The Cummers came from a long line of lumber barons, whose businesses stretched through Canada, Michigan, Virginia, and Florida. Wellington Willson Cummer (1846-1909) relocated the family from Morley, Michigan to Jacksonville, Florida and founded the Cummer Lumber Company in 1896. They owned a modern sawmill and vast timber tracts in Baker, Alachua and Levy Counties, as well as a phosphate plant at Newberry, Florida. These various properties were connected by the Jacksonville & Southwestern Railroad, a one hundred-mile railroad line built by the Cummers that later became part of the Atlantic Coast Line Railroad. Pine, cypress, oak, and phosphate rock
were brought by train to Jacksonville and shipped from the Cummer docks. Not only was the Cummer lumber company one of the largest employers in Jacksonville during the 1900s, the family was the largest private landowner in the state, with more than 500,000 acres.
Wellington and his wife, Mary Ada Gerrish, built their Greek Revival house at 801 Riverside Avenue in the Riverside neighborhood of Jacksonville in 1897, the same year their son, Arthur, married Ninah May Holden in Michigan City, Indiana.

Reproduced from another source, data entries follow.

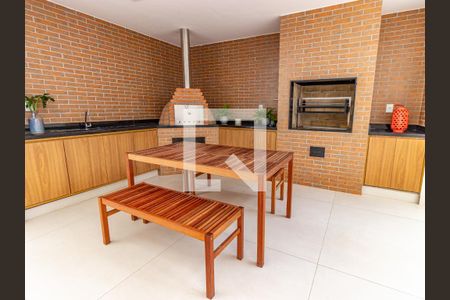 Apartamento à venda com 44m², 2 quartos e sem vagaÁrea comum - Churrasqueira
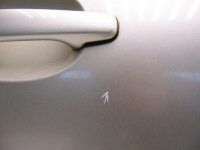 фото thumb №7, Двері праве правий задня jaguar xf i x250 sedan золотий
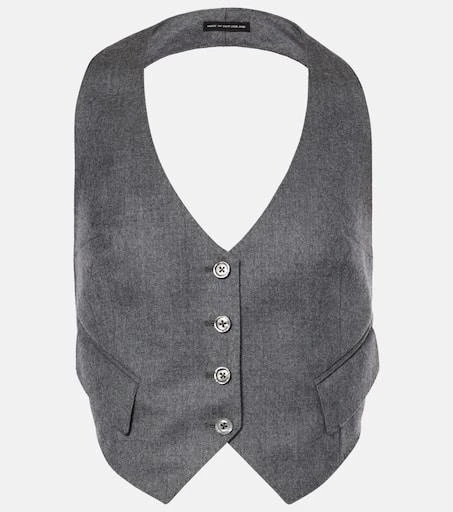 Tom Ford Wool twill vest 1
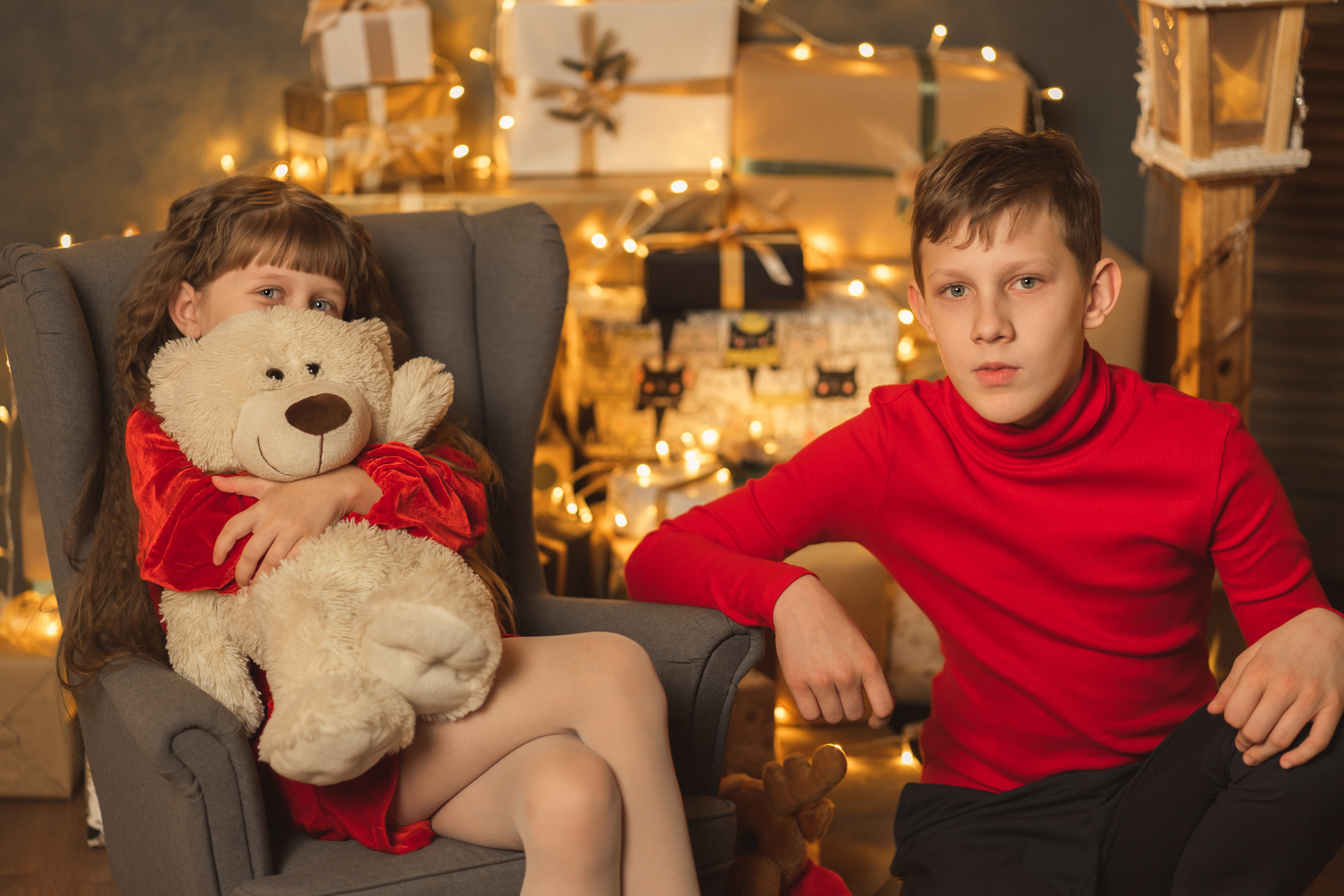 XMAS FAMILY. Montenegro photographer and videographer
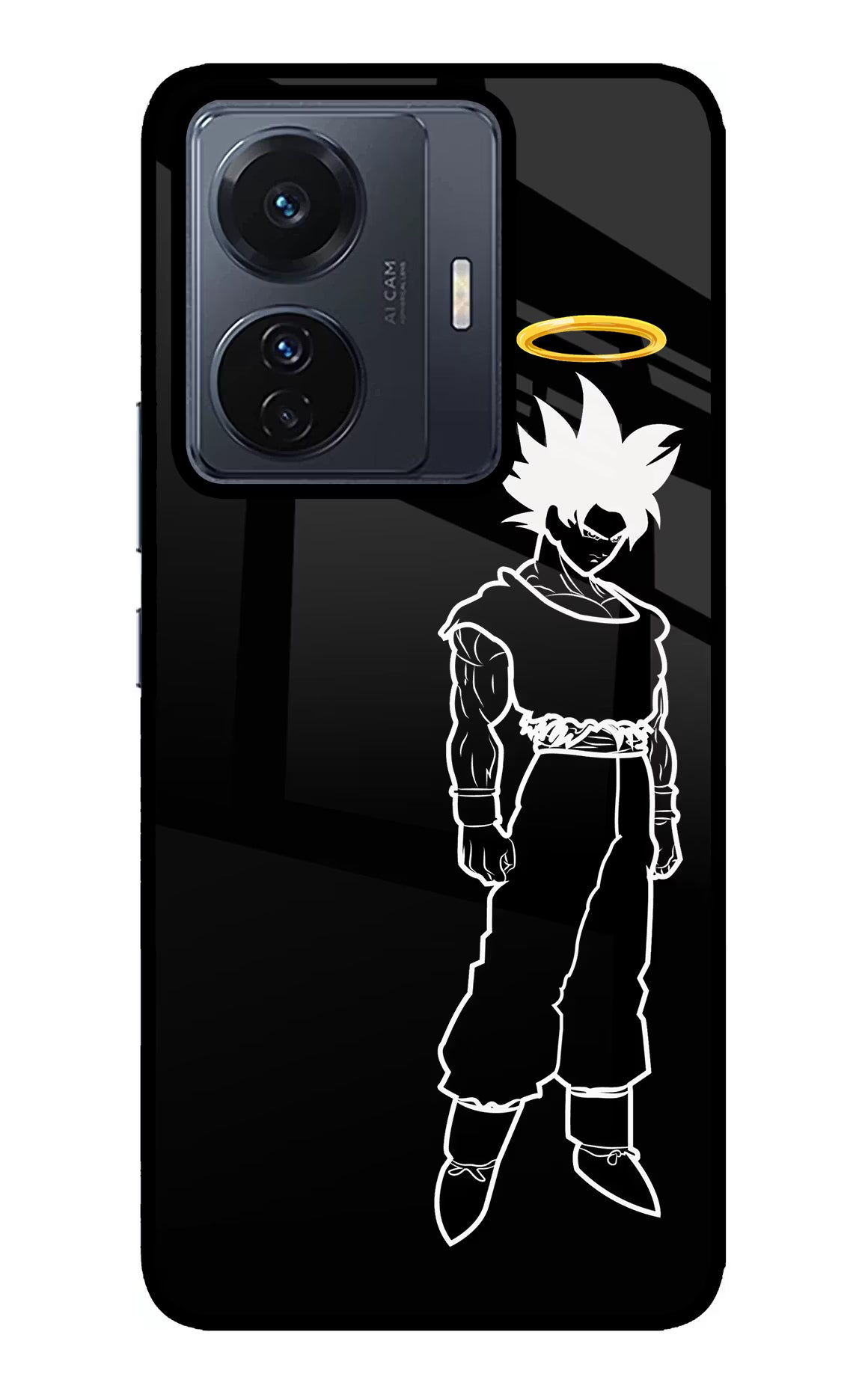 DBS Character Vivo T1 Pro 5G Glass Case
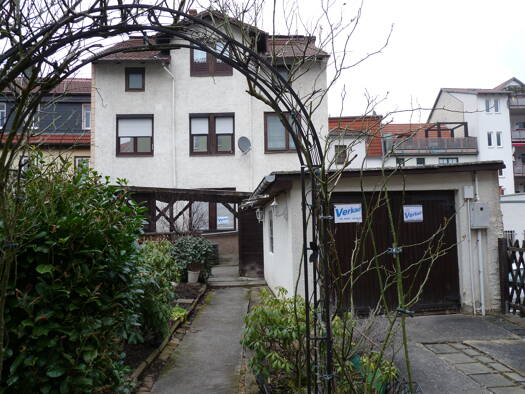 Haus zum Kauf provisionsfrei 125.000 € 3 Zimmer 96 m² 270 m² Grundstück frei ab sofort Untere Predigergasse 5 Eisenach 99817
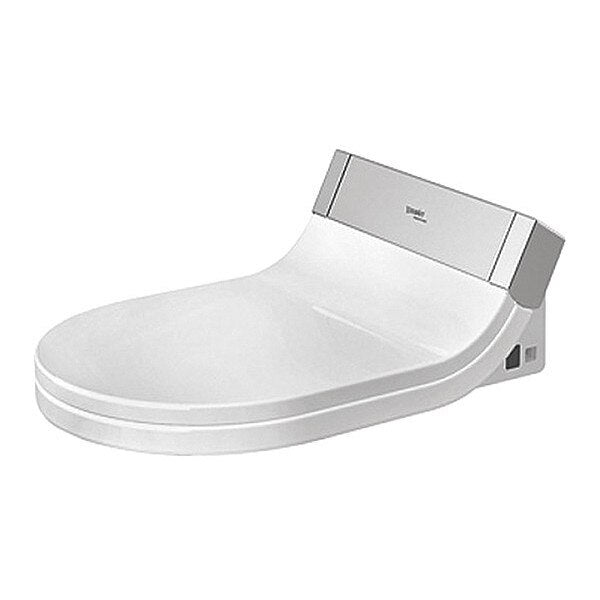 Toilet Seat, With Cover, White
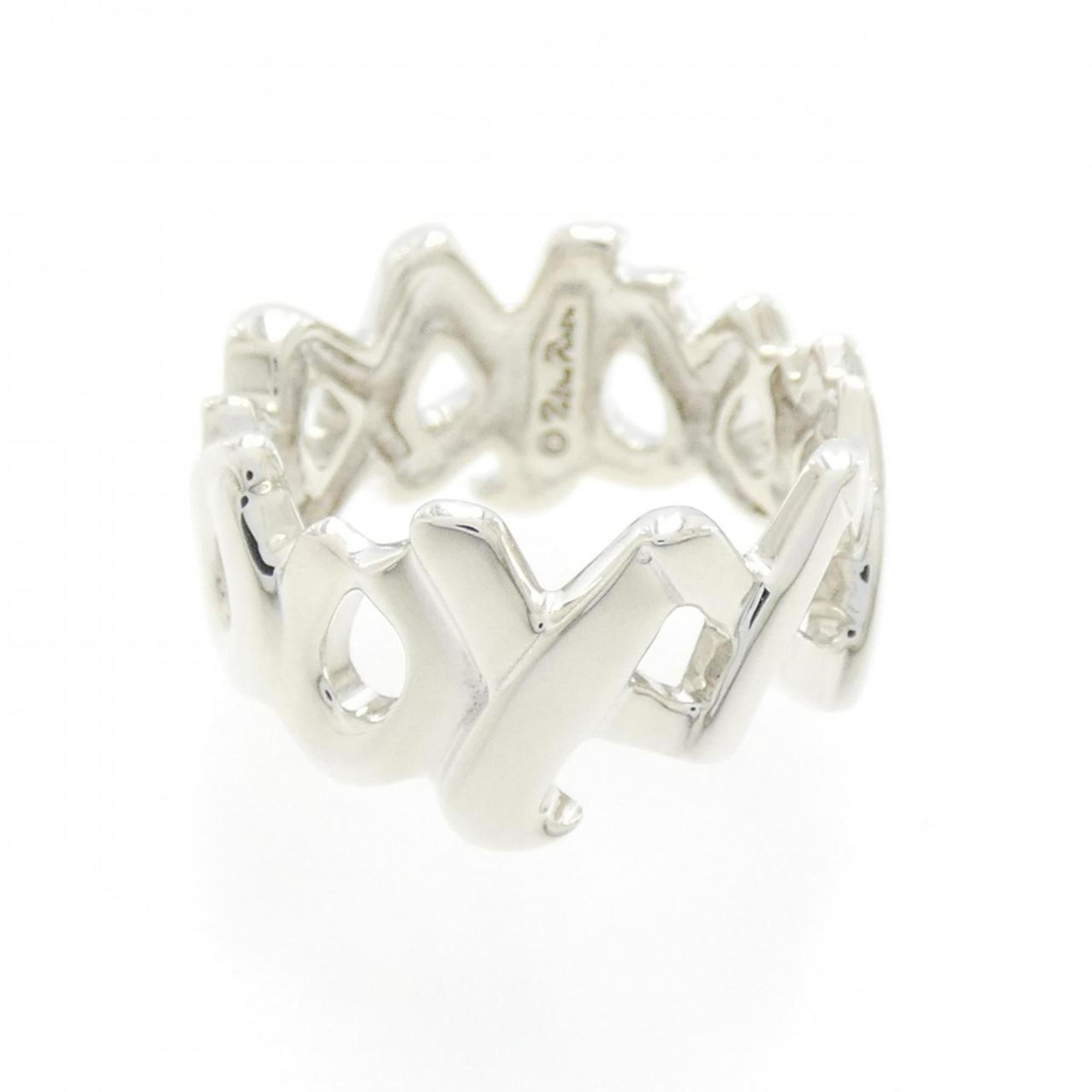 Tiffany Silver 925 Band Ring (Pre-Owned)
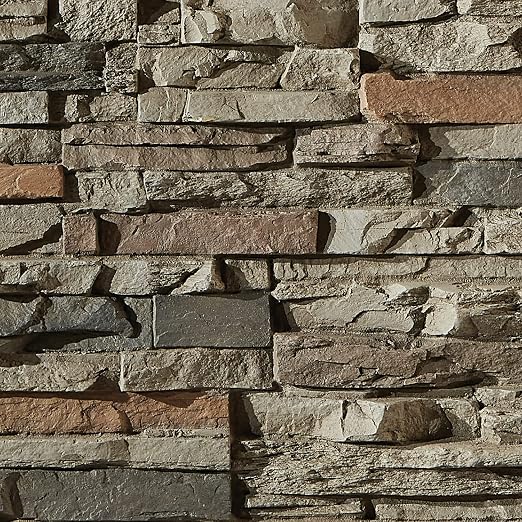 AZ Faux High-Density Polyurethane Faux Stone Wall Covering Panels by AZFaux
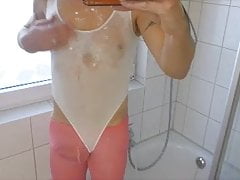 Franziska nass und glitschig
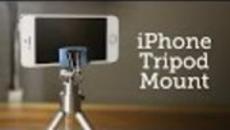 Модерни Технологии! iPhone tripod Mount - Videoclip.bg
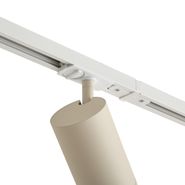 Moderni-valaisinkisko-3-kohdevalolla-valkoinen-ja-beige-1-vaihe-GU10-70mm---Iconic-Jeana-Luxe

The Cummers actually left Morely, Michigan in 1876 and moved to Cadillac, Michigan. In Cadillac, they created a vast lumbering empire that was a precursor to their later Florida enterprise. A most fascinating history and the Cummers were pioneers in the use of band saws and Shay locomotives in Michigan. wellington maintained a legal residence in Cadillac until 1902.